At the Mohican I went through a list of reasons why to bail, which turned out to be an existential debate on why am I here. I'm here because it's part of a series, and since I'm no longer in a position to get worthwhile points I should ditch. If I do this race then I might be expending unnecessary energy, I should ditch. I could quit and race tomorrow at Iron Hill and make some money to feed my dog. Do 100 milers appeal enough to me anymore? I mean really, the sense of accomplishment is old hat. I've done close to 20 of these things, most of the courses 3 times at least and this was going to be my 4th time around this track.
That's when I realized that the sense of accomlishment comes in a variety of colors. I do sort of like coming from behind. I did feel responsible for leading 5 other riders astray when I missed the turn and they had come from a long ways away. Maybe I should vindicate myself by trying to stick with it and do some work to make their time feel a little more worthwhile.
Eventually that seemed like the thing to do. I put my head down, tried to make up for lost time and kept the pace decent. When I was on the front I tried to do my pentenance. Surely one or two of the lead group would fall off and someone in my group would have a chance to take maybe a top 5. Eventually it came down to Bart Gillepsie from Utah, Rob Litenwalner and myself. Bart was one of those guys I had come to respect just out of seeing his name and understanding him to be a good racer, and I was super excited to get to race him. UNfortunately it was under the auspices of me getting us lost and we didn't really get to have the cage match I wanted. Rob is an old friend by now and he was having a great day, getting dropped then ramping it up to catch back on.
On the last few climbs, Bart pulled away, and all I could do was motor along with Rob as my riding partner. At aid station 5 Rob got hot bottles that had been in the sun all day, and when he had to stop at station 6 I was able to continue on.
The last mile of the race course passes by my car and since I had long given up on caring about the possiblilty of counting the race to my overall series standing I took the pleasure in letting my dog, Gertie, out of the cage and she did her first unleashed trail run with me to the finish. Rob caught us just before the end and offered to wait but I told him to go on and in the end I finished 9th just behind Rob and Gertie.
Well that was over, I felt accomplished despite the race issues of an early stick in the rear wheel and going the wrong way. And I felt really good. It's too bad I didn't have an opportunity to ride with the boys on the front.
After eating I went back to camp, cleaned up and saw Elk come through then my traveling partner Nik Schaffer. After little socializing and eating Nik and I jumped in the car and followed Matt Ferrari home to State college where we slept, then woke up early enough to eat an early breakfast before heading to the Mid-Atlantic race at Iron Hill where I wold get a chance to crush myself and maybe earn back some traveling cash.
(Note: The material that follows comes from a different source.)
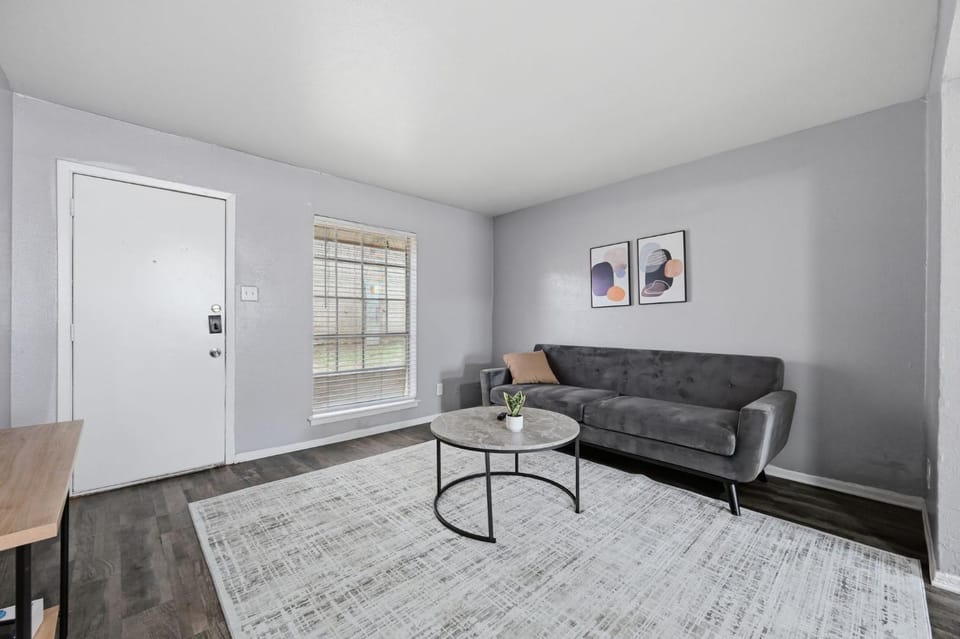 Cozy 2BR townhome with open living space Apartment in Arlington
As usuall the race was humid, but the course was super packed and after a quick start with the legs punching me, I managed to go to the front and stay there. Holy crap I couldn't believe I felt that good. And I got paid enough to cover my weekend expenses! Ahh the life of a desperate Pro, chasing the bills.
Up next is the Hoo-Ha and then the Cowbell challenge in NC. I'm looking for traveling partners to NC if anyone is interested. Then I go to Colorado on the 28th. And If anyone wants to drive out with me to split the trip let me know. You'll probably have to fly back from Denver since I'm not coming back till after the 18th of July.
I'll be doing to Marathon Nat. Championships in Breckenridge then the Breck Epic then the Breck 100.